Preemptive prosecution may lead to a “terrorism enhancement” being applied during sentencing, which opens one up to being placed in a Communications Management Unit (CMU), as the government did to Aref. CMUs are solitary confinement units and involve a set of highly restrictive detention conditions that limit contact with family and the outside world.
There are also several prosecutions where the government criminalizes the advocacy of what the study calls “non-specific violence.” While it may seem controversial, this speech is protected under the Constitution.
“Free speech includes the right to use violent and hate speech, and it is not charged as a crime when right-wing terrorists or domestic hate groups engage in it. Charging only Muslims or other targeted groups is discriminatory and preemptive,” the study contends. (The case of Tarek Mehanna is one clear example.)
“Simply being a member of a group, or being associated with certain individuals, should not be a crime unless there is evidence of specific intent to become involved in a given criminal action or conspiracy,” the study argues. However, the study adds, “A number of material support and conspiracy cases included individuals who were friends of others who were charged, and this association was the main evidence against them, with little or no additional evidence.” (For example, the case of the Fort Dix Five.)
Additionally, the study takes the even more bold position of defending those who go to “foreign lands” to defend Muslim communities and prevent them from attack.
…All prosecutions of defendants who expressed a desire to go to a training camp, or who unsuccessfully tried to find one, or who attended one and failed to act on the training, are considered preemptive prosecutions unless the circumstances indicated that the defendant actually intended to engage in violence against civilians or the United States. Many defendants were drawn to attend training camps out of a desire to defend Muslim communities in Bosnia, Kashmir, Chechnya, Sudan, or other countries where there was/is conflict. However, cases in which the defendants actually intended to commit acts of violence against American soldiers or against civilians are not included as preemptive prosecutions…
While the study does not draw any conclusions, hypotheses are put forward on why there are so many more preemptive prosecutions of Muslims for terrorism or terrorism-related offenses.

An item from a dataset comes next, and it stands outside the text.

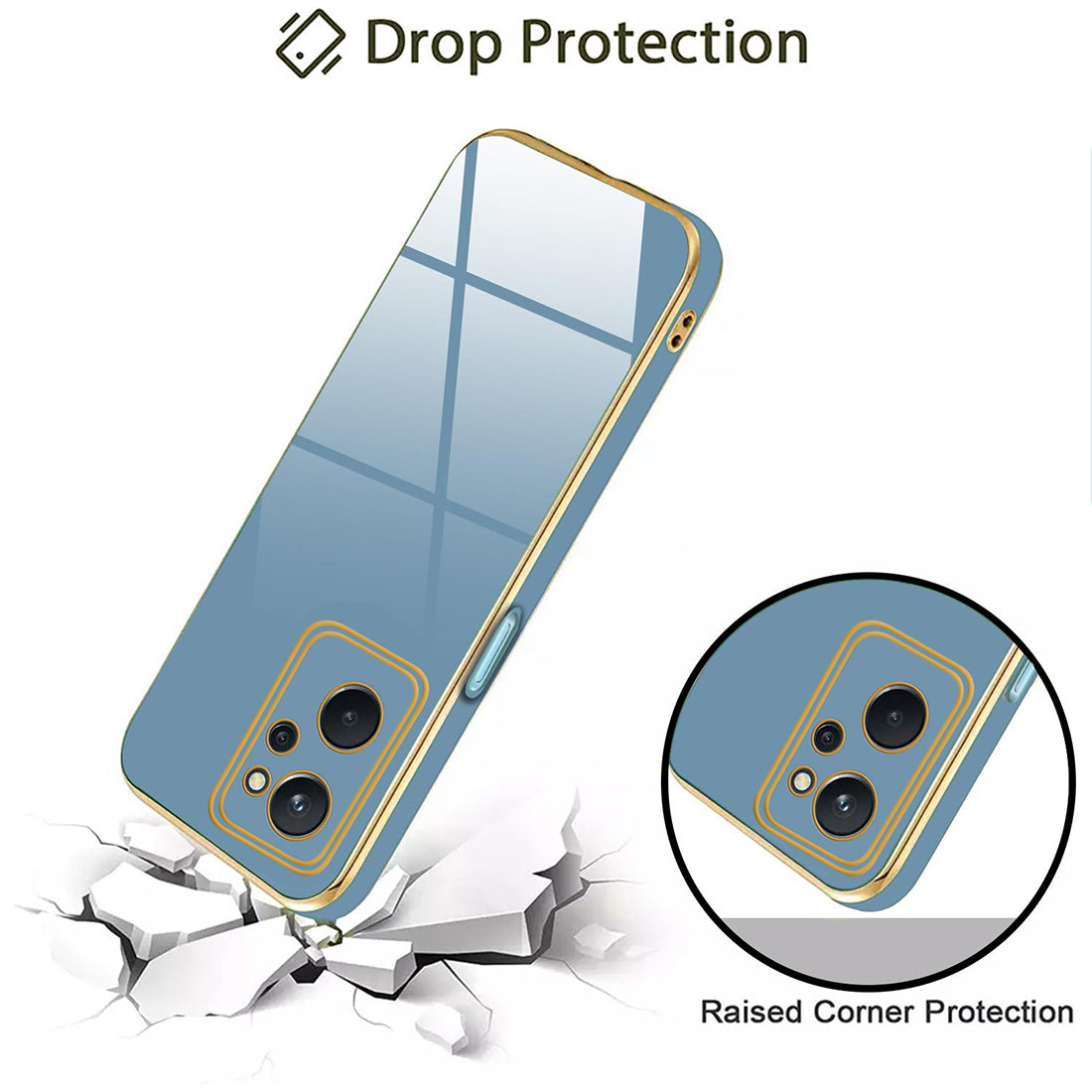 Electroplating TPU Cover for Realme 9i 4G / A76 4G / A96 4G / K10 4G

The first hypothesis is that the FBI truly believed there was a domestic network of “ideological” Muslims to dismantle. Another hypothesis is that preemptive prosecutions are designed to scare Muslims from criticizing US foreign policy abroad. And yet another is that this is how the government must go about prosecuting these individuals because, if they did it any other way, they would be running up against constitutional prohibitions.
In other words, preemptive prosecutions represent the government’s best efforts to take advantage of all the loopholes in the criminal justice system and neutralize the ability of those prosecuted to put on a defense allowing the law to be used by prosecutors to control a population.